With his culinary creativity and immense passion for food, he has worked with some of the most prestigious names around the world like Gordon Ramsay and Angela Harn. But ask him what he loves to eat and he promptly says ‘Dimsums’, But when it comes to cooking, Galoti Kebab is his favourite.
The host of shows like Hi Tea, Chop Chop Chopra, and co-host and judge of MasterChef India season 1 and 2, Ajay was recently in Pune to launch Pandora Gastronomy and Bar, Nagar Road. While he has tried to maintain the authenticity of the cuisines, the menu is still very playful. To give you an idea they have experimented with Puneri Misal with Cheese Fondue on top. It is served as a Bunny Chao, red crust, loaded with cheese inside and farsan on top.
But he claims that the biggest USP is the portion sizes which are devised in such a way that everybody gets to choose from a variety of foods. So you can try out from an assortment of 10 dishes and not just limit yourself to one or two.
Besides his new venture, the chef also spoke about the emergence of regional dishes on the international platter and the changing perception toward Indian food.
Fusion or confusion
Ask Ajay about the ongoing fusion food trends and he is quick to remind you that he is not a great fan. He points out to the fact that there is a thin line between fusion and confusion. He explains, “That is where the whole concept of modern and progressive begins. So if I am a chef with a global perspective and I am in London and want to make an Indian dish with halibut, I have two ways to look at it: I take a piece of the fish, marinate it and put it in the tandoor.
Or, I take the soft and flaky fish and not put it in the tandoor but bake it and treat it like tandoori fish, and it comes out brilliantly. That way I can actually respect the ingredients and prepare a dish that is not fusion and call it Masala Halibut.”
He also finds the idea of putting tomato ketchup in everything and calling it schezwan sauce ridiculous. “If I want to use tomato ketchup in something, I must have a good reason behind it, probably to give a lift or twist to my dish,” he says.
Eye for food ?
With the rise of ‘Instagram food’, people are consistently flaunting their dishes on social media but does it taste good? Says Ajay, “It is a three-level journey. You eat with your eyes first and once your eyes have said ‘yes’, then your belly starts saying ‘wow’ and then your mind signals and allows you to have it. So the three things are in conjunction and coordination. Unless the dish is plated beautifully, it will not tell a story — the thoughts, finesse and nuances that go into the making of a dish.

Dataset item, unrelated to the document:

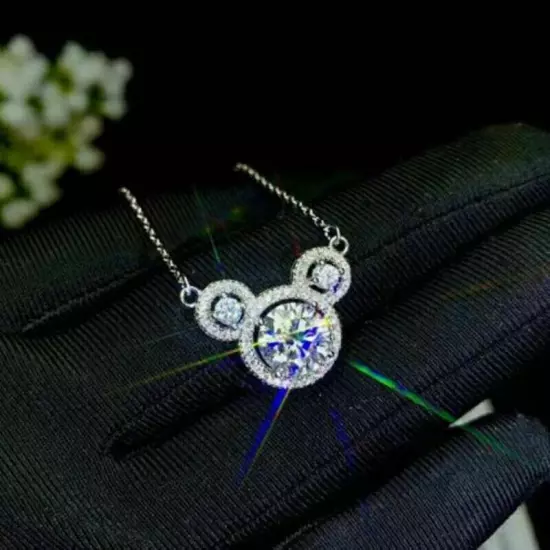 Round Cut Cubic Zircon Women Wedding Jewelry Cute 925 Silver Necklace Pendant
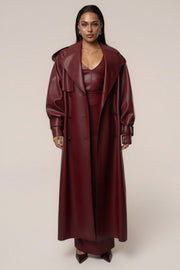 PRE-ORDER Burgundy The Icon PU Leather Coat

A lot of art and science is involved in it.”
However, a lot of good-looking food may not necessarily taste good. “If a food looks great, it may not taste equally good. I am okay sometimes to compromise on Indian curries with their look because I know you can’t experiment much with that. If it is Nalli Nihari, then I want piping hot Nalli with meat falling off the bones and I should be able to dip my Khammi Roti and relish it.”
Chopra, who is also a part of the show Northern Flavours which celebrates authentic recipes and cooking styles from the northern region of the subcontinent, says, “The idea is to bring out a lot of regional dishes which a lot of India eats but then it is very specific to that zone. So if I tell a Delhite about Puneri Misal, he wouldn’t know. But a lot of that is changing now. I personally feel that regional food will get a lot more importance. Chefs are already working hard to bring different elements to it. For example, grains like jowar and bajra are being widely used now.”
Telling us about the perception of Indian food abroad, Chopra says, “USA still doesn’t know much about Indian food because 50 years ago, some sardarjis went to the USA and with the little information they had they thought they could create a big menu. They heard from somewhere about Rogan Josh or other recipes but their menu was pathetic. There are very few places that serve proper Indian food.
But at the same time, if you look at the UK, the country has witnessed an evolution of Indian food in the last 15 years. So from that time to when Vineet Bhatia, Atul Kochhar and Cyrus Todiwala started telling people that this is Indian food, or that Rogan Josh is nice and comes from Kashmir, and there are two ways of preparing it (one made by the pandits and the other by Muslims) — Indian food has seen a lot of transformation.
The perception of Indian food is changing everywhere. People in UAE love Indian food and the quality has improved immensely. Ajay explains, “Now is the time when the world is opening to us. I recently heard that Ranveer Brar and Saransh Goila have been invited to Harvard Business School, which is phenomenal.”